After strong end to '20, Singer aims for more

Royals right-hander working on changeup early in Spring Training

February 19th, 2021

One year ago, Royals right-hander Brady Singer was entering his first big league Spring Training as a top prospect on the rise -- one who might see his debut in 2020, but who could likely use a little more time in the Minors before earning a future spot in the rotation.

The future quickly became 2020, with the pandemic forcing the Royals to rely on Singer quicker than they would have in a typical year. COVID-19 affected Kansas City directly, delaying the seasons of starters Brad Keller and Jakob Junis, thus opening a spot for Singer. After making his Major League debut on July 25 in the second game of the season, Singer kept his spot the rest of the year, making 12 starts and posting a 4.06 ERA across 64 1/3 innings.

This year’s camp is different for the 24-year-old Singer. He’s no longer a prospect on the rise. He’s expected to be part of the Royals’ Opening Day rotation. Plus, he knows a few more guys around camp this year.

“It’s definitely different,” Singer said Thursday. “Last year, obviously, didn’t know many guys, but this year, it’s different. Last year was good. I learned a lot, and I think a lot of other guys did, too. Not really trying to prove anything different [this year]. Trying to stay on the same path and get better.”

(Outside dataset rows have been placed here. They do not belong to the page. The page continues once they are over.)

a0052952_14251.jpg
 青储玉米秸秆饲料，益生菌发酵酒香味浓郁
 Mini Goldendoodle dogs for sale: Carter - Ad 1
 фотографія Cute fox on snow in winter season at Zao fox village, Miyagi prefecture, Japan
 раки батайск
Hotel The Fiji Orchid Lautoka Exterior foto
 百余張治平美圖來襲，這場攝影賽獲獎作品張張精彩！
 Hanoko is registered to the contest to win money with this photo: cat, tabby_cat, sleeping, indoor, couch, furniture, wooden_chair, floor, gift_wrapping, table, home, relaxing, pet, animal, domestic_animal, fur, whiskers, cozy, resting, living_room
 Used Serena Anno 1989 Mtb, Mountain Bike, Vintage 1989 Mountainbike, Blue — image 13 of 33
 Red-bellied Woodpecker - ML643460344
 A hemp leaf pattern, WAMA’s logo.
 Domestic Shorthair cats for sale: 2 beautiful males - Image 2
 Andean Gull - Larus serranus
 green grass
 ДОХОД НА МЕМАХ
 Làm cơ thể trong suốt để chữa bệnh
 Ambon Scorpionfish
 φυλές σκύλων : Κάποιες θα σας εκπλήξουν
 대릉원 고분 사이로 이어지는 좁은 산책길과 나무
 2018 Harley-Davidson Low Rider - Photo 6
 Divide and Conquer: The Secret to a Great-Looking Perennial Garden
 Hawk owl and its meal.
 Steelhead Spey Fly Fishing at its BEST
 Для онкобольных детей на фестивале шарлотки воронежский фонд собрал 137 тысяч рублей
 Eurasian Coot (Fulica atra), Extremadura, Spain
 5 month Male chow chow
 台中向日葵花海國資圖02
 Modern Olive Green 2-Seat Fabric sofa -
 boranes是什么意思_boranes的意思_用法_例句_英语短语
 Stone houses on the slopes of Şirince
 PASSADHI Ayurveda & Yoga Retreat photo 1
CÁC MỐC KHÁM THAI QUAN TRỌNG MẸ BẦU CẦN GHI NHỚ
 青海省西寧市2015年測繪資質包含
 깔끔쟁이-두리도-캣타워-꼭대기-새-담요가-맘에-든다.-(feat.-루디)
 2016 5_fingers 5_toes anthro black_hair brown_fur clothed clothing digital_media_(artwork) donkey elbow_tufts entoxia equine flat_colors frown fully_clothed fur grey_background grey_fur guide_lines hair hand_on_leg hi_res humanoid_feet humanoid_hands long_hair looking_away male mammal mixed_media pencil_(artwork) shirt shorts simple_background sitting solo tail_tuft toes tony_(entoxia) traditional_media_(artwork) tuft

Singer spent the offseason in Tampa, Fla., where he bought a house and spent a chunk of the winter months moving and unpacking. One of the boxes revealed a notebook he kept last season, with thoughts he jotted down after each start about the hitters he faced. He learned plenty, but the main takeaway was one he wants to implement right from the start of this season.

“Never take the foot off the gas,” Singer said. “It sounds kind of cliche -- why would you take your foot off the gas? But you just can’t take a break. You can take a step back and reset, but you've got to keep going and keep pushing through that lineup. These are big leaguers who have been doing it for a long time. So I think just full throttle, the whole entire game, no matter what.”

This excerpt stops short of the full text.